Au regard de récents rapports scientifiques, si nous ne passons pas à la vitesse supérieure – et ce, immédiatement –, le changement climatique pourrait signifier le clap de fin de notre merveilleuse histoire, sans « happy end », faut-il le souligner. Pourtant, ce n’est pas faute de ne pas avoir été prévenu. Quant au coupable, puisqu’il en faut un, ce n’est ni Dieu et sa volonté divine, ni la nature et ses caprices, pas plus que « la faute à pas de chance » – et qui donnerait un caractère aléatoire à notre devenir. Non, la coupable, au risque de la faire paraître comme l’éternel bouc émissaire de votre serviteur, c’est la « croissance ».
Dans les faits, la majorité des problèmes anthropiques contemporains tirent leurs origines dans la corrélation de deux types de croissance : la croissance démographique et la croissance économique. Commençons par la première ! Au XVIIe siècle, le monde comptait 500 millions d’habitants, avec une croissance démographique de 0,3%/an, soit un doublement de la population tous les… 250 ans. Pourtant, début 1970, la Terre abritait déjà 3,6 milliards d’individus, contre près de 8 milliards un demi-siècle plus tard, c’est-à-dire maintenant.

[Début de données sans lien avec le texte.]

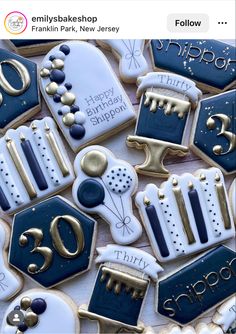 cookies decorated with royal blue and white icing are arranged in the shape of numbers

La croissance économique, elle, suit une autre courbe depuis plusieurs décennies, et croît beaucoup plus vite que la croissance démographique. En d’autres termes, l’on produit davantage que les gens se reproduisent. Ce qui n’est bien entendu pas sans risque, car les ressources sont limitées à la taille de notre planète. Avec une population en expansion constante, il arrivera forcément (comme c’est d’ailleurs déjà le cas, ponctuellement ou de manière prolongée) un moment où les ressources alimentaires et en eau potable viendront à manquer. Et c’est évidemment tout aussi vrai pour les sources d’énergie fossile. Pour reprendre la conclusion du rapport Meadows de 1972, « dans un monde fini, la croissance ne peut être infinie ».

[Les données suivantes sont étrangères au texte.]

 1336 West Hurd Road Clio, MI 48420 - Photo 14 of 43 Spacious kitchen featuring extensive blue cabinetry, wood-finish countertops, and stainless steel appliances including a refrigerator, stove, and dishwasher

Ce concept est assez facile à comprendre, et devrait donc l’être davantage à accepter. Or, il n’en est rien ! Ce n’est cependant pas tant ce cheminement de pensée qui pose problème, mais plutôt ses implications. Car si l’on concède que l’on produit et consomme beaucoup trop, autrement dit bien plus que de raison, cela induit obligatoirement qu’il faudrait ralentir le rythme, et donc que l’on accepte de tirer un trait sur nos rêves de croissance soutenue (et des profits qu’elle génère). Un changement que l’on n’est pas prêt d’accepter, pas plus hier qu’aujourd’hui d’ailleurs.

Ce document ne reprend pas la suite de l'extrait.